His parents, he says, married at 17 and had three children by the time they were 22. Although he hesitates to use the term, Ballard says he grew up poor — his dad worked as the janitor at his school and his mother was a nurse’s aid in a local hospital — but his parents did not let limited economic means keep them from encouraging their children to pursue their goals.

“It was instilled in me from a young age that education was extremely important, and I always knew that I would go to college, and I liked school and I liked learning,” Ballard says.

With no financial assistance, Ballard worked his way through Fort Hays Kansas State University, where he majored in psychology and speech. By the end of his college career, though, he had decided to pursue a different path. A “product of the ’60s,” Ballard desired a profession that would allow him to make a difference in the world. So he set out to become a teacher.

Another event also affected this decision.
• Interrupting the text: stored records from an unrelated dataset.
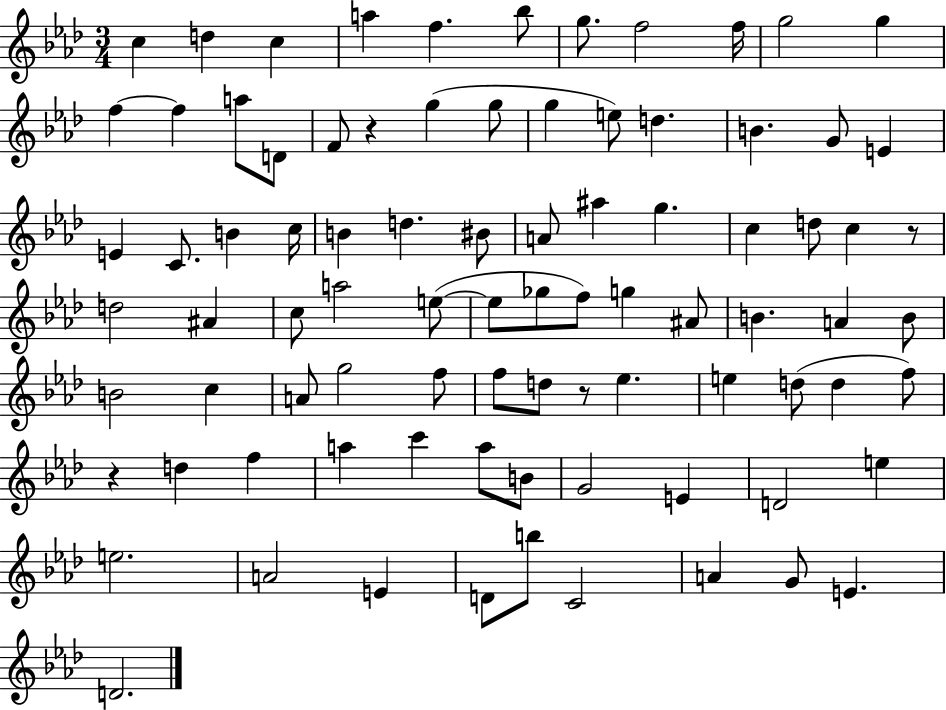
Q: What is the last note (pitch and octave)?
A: D4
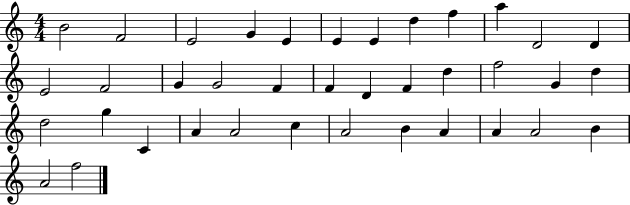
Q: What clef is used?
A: treble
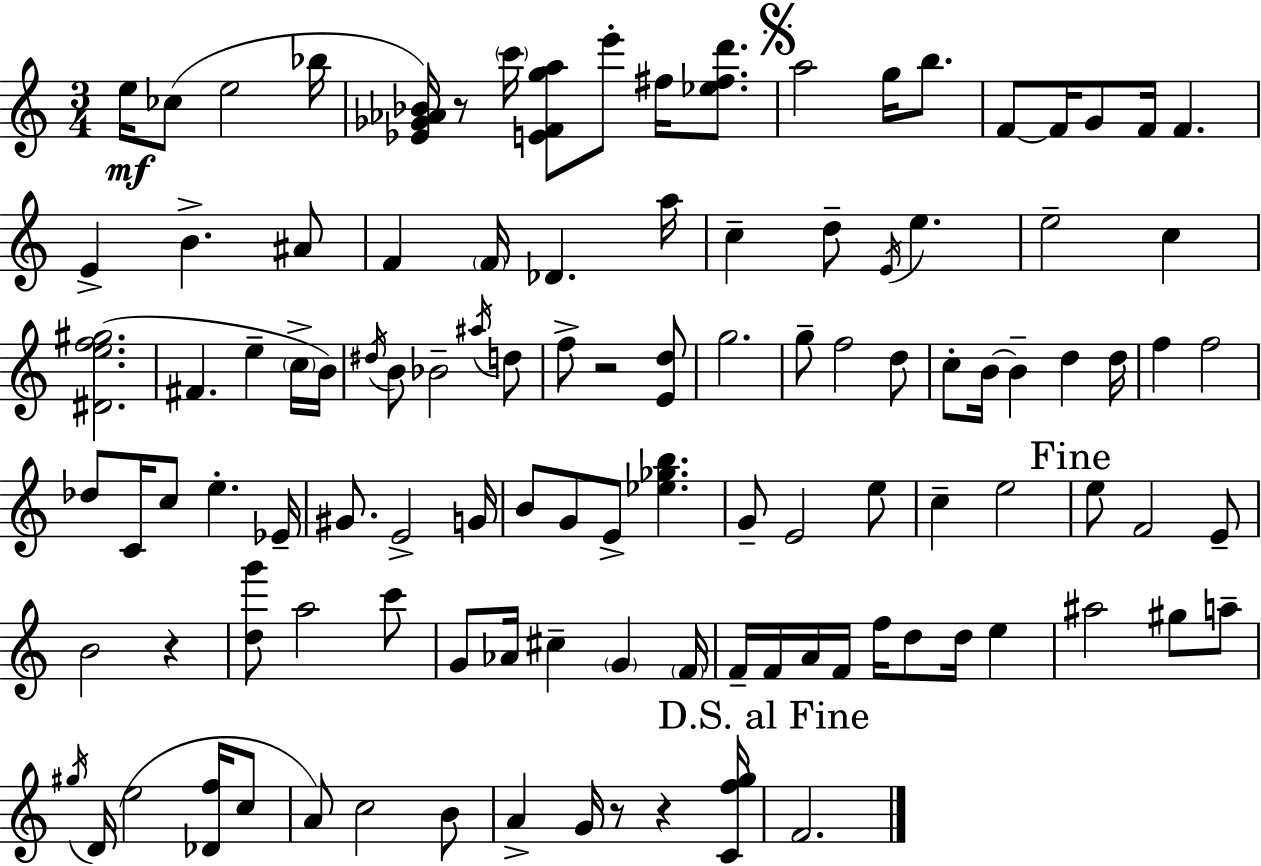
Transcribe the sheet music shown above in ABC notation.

X:1
T:Untitled
M:3/4
L:1/4
K:Am
e/4 _c/2 e2 _b/4 [_E_G_A_B]/4 z/2 c'/4 [EFga]/2 e'/2 ^f/4 [_e^fd']/2 a2 g/4 b/2 F/2 F/4 G/2 F/4 F E B ^A/2 F F/4 _D a/4 c d/2 E/4 e e2 c [^Def^g]2 ^F e c/4 B/4 ^d/4 B/2 _B2 ^a/4 d/2 f/2 z2 [Ed]/2 g2 g/2 f2 d/2 c/2 B/4 B d d/4 f f2 _d/2 C/4 c/2 e _E/4 ^G/2 E2 G/4 B/2 G/2 E/2 [_e_gb] G/2 E2 e/2 c e2 e/2 F2 E/2 B2 z [dg']/2 a2 c'/2 G/2 _A/4 ^c G F/4 F/4 F/4 A/4 F/4 f/4 d/2 d/4 e ^a2 ^g/2 a/2 ^g/4 D/4 e2 [_Df]/4 c/2 A/2 c2 B/2 A G/4 z/2 z [Cfg]/4 F2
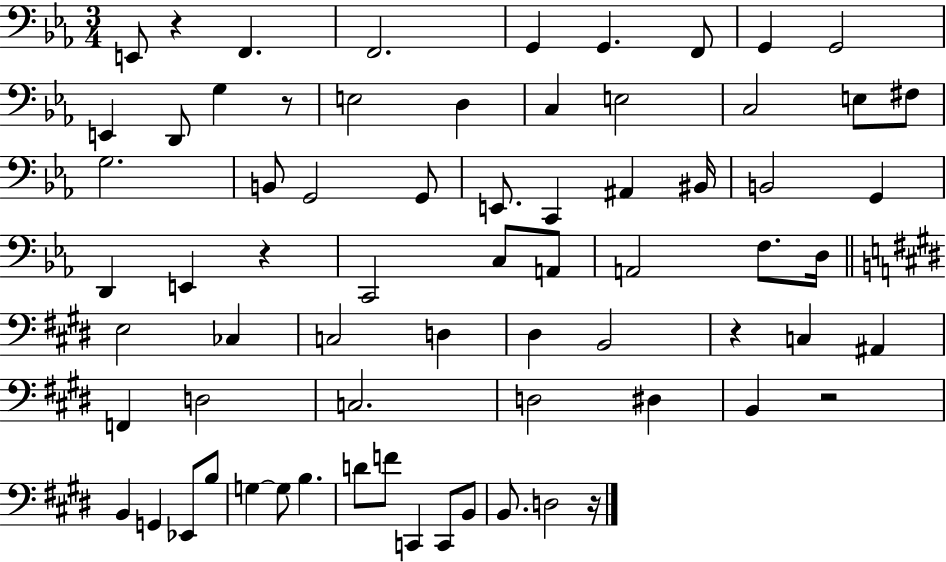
{
  \clef bass
  \numericTimeSignature
  \time 3/4
  \key ees \major
  e,8 r4 f,4. | f,2. | g,4 g,4. f,8 | g,4 g,2 | \break e,4 d,8 g4 r8 | e2 d4 | c4 e2 | c2 e8 fis8 | \break g2. | b,8 g,2 g,8 | e,8. c,4 ais,4 bis,16 | b,2 g,4 | \break d,4 e,4 r4 | c,2 c8 a,8 | a,2 f8. d16 | \bar "||" \break \key e \major e2 ces4 | c2 d4 | dis4 b,2 | r4 c4 ais,4 | \break f,4 d2 | c2. | d2 dis4 | b,4 r2 | \break b,4 g,4 ees,8 b8 | g4~~ g8 b4. | d'8 f'8 c,4 c,8 b,8 | b,8. d2 r16 | \break \bar "|."
}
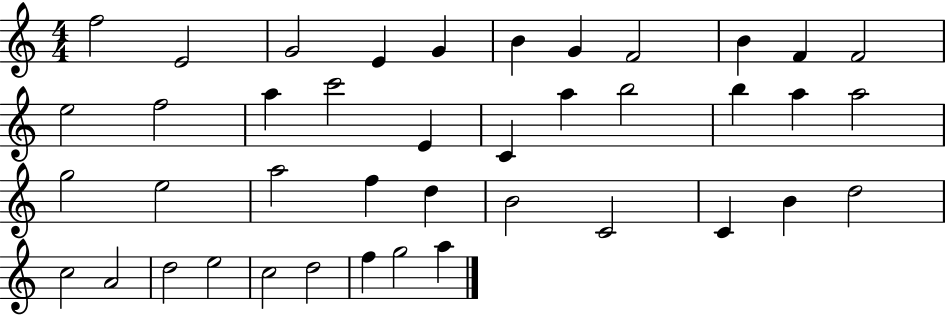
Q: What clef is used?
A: treble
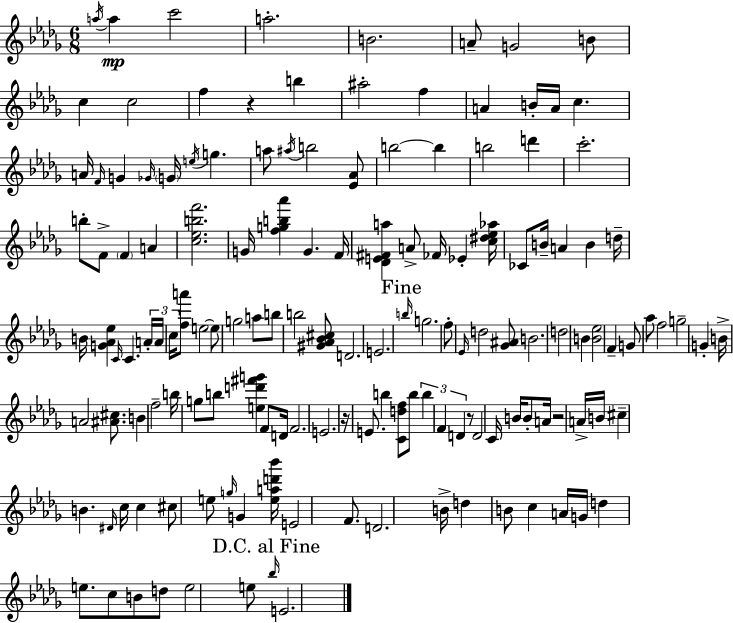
A5/s A5/q C6/h A5/h. B4/h. A4/e G4/h B4/e C5/q C5/h F5/q R/q B5/q A#5/h F5/q A4/q B4/s A4/s C5/q. A4/s F4/s G4/q Gb4/s G4/s E5/s G5/q. A5/e A#5/s B5/h [Eb4,Ab4]/e B5/h B5/q B5/h D6/q C6/h. B5/e F4/e F4/q A4/q [C5,Eb5,B5,F6]/h. G4/s [F5,G5,B5,Ab6]/q G4/q. F4/s [Db4,E4,F#4,A5]/q A4/e FES4/s Eb4/q [C5,D#5,Eb5,Ab5]/s CES4/e B4/s A4/q B4/q D5/s B4/s [G4,Ab4,Eb5]/q C4/s C4/q. A4/s A4/s C5/s [F5,A6]/e E5/h E5/e G5/h A5/e B5/e B5/h [G#4,Ab4,Bb4,C#5]/e D4/h. E4/h. B5/s G5/h. F5/e Eb4/s D5/h [Gb4,A#4]/e B4/h. D5/h B4/q [B4,Eb5]/h F4/q G4/e Ab5/e F5/h G5/h G4/q B4/s A4/h [A#4,C#5]/e. B4/q F5/h B5/s G5/e B5/e [E5,D6,F#6,G6]/q F4/e D4/s F4/h. E4/h. R/s E4/e. B5/q [C4,D5,F5]/e B5/e B5/q F4/q D4/q R/e D4/h C4/s B4/s B4/e A4/s R/h A4/s B4/s C#5/q B4/q. D#4/s C5/s C5/q C#5/e E5/e G5/s G4/q [E5,A5,D6,Bb6]/s E4/h F4/e. D4/h. B4/s D5/q B4/e C5/q A4/s G4/s D5/q E5/e. C5/e B4/e D5/e E5/h E5/e Bb5/s E4/h.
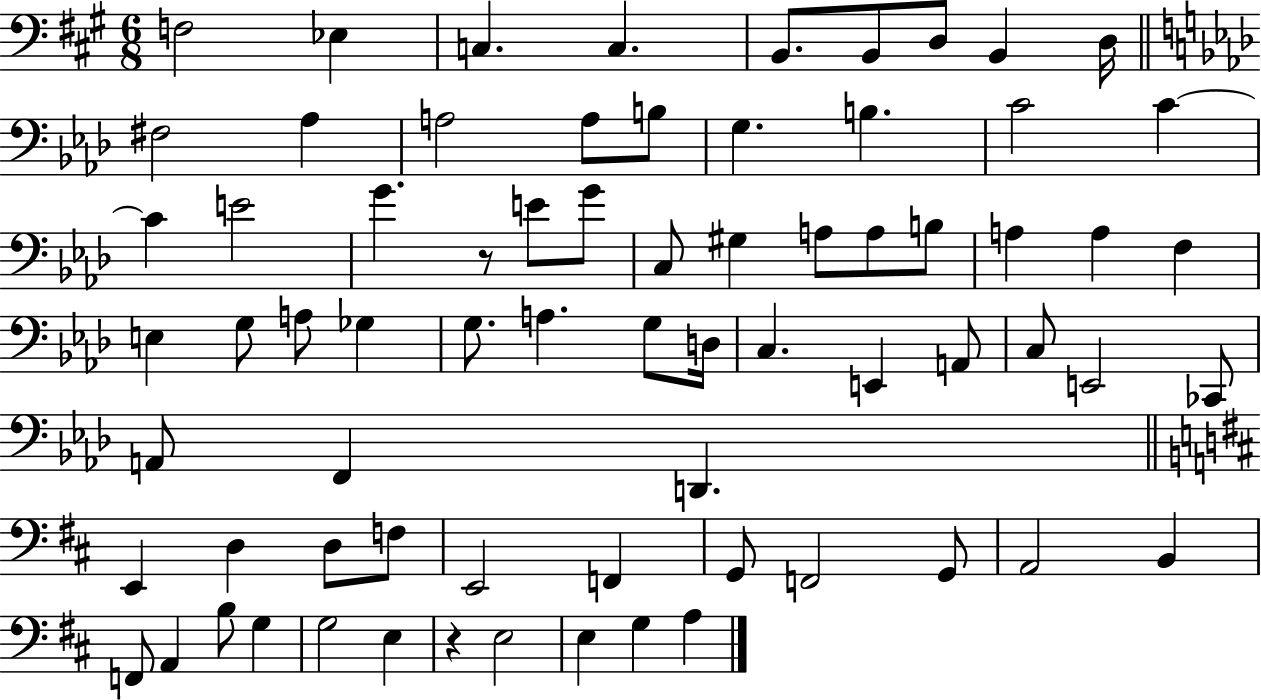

At age 18, Ballard’s younger brother, Joe, was diagnosed with cancer. He entered college battling the disease but died two years later — just after Ballard earned his degree in 1971.

His brother’s death deeply affected Ballard, and he says it further motivated his desire to change lives.

“I was very intentional about I’m going to make a difference,” he says. “I just didn’t know how I was going to make a difference.”

Fortunately, Ballard had found someone who shared his passion for teaching.

He met his wife, Christie, when the two were teenagers attending a WKY radio-sponsored “teen hop” in Kiowa. She was the daughter and granddaughter of teachers and, like Keith, “loved learning. I loved all subject areas,” she says.

The two married in 1971 and moved to Stillwater, where Christie was finishing her English degree at Oklahoma State University. Although Keith sent out hundreds of letters to find a teaching job, he came up empty and resorted to driving a freight truck, working in the back alleys of downtown Stillwater.

Upon graduation from OSU, Christie accepted an opportunity to work as an English teacher for Coweta Public Schools in northeastern Oklahoma. 

The Coweta superintendent understood that hiring Christie would mean finding a position for her husband as well. He told Ballard that if he would take nine college hours of reading, he could become certified in the subject and work with Coweta’s junior high students.

“I’ll never forget him looking at me and saying, ‘Can you do that?’” Ballard says. “And I said with total and utmost confidence, ‘Absolutely I can do that.’ Then, when we left his office, I said to my wife, ‘How do you teach junior high kids to read?’”

Ballard had to learn quickly, and while he says he loved learning to become a reading specialist, his experiences in the classroom were more difficult.

“I learned the only way to control 45 kids in class was to build relationships with them, and that’s what I did,” he says.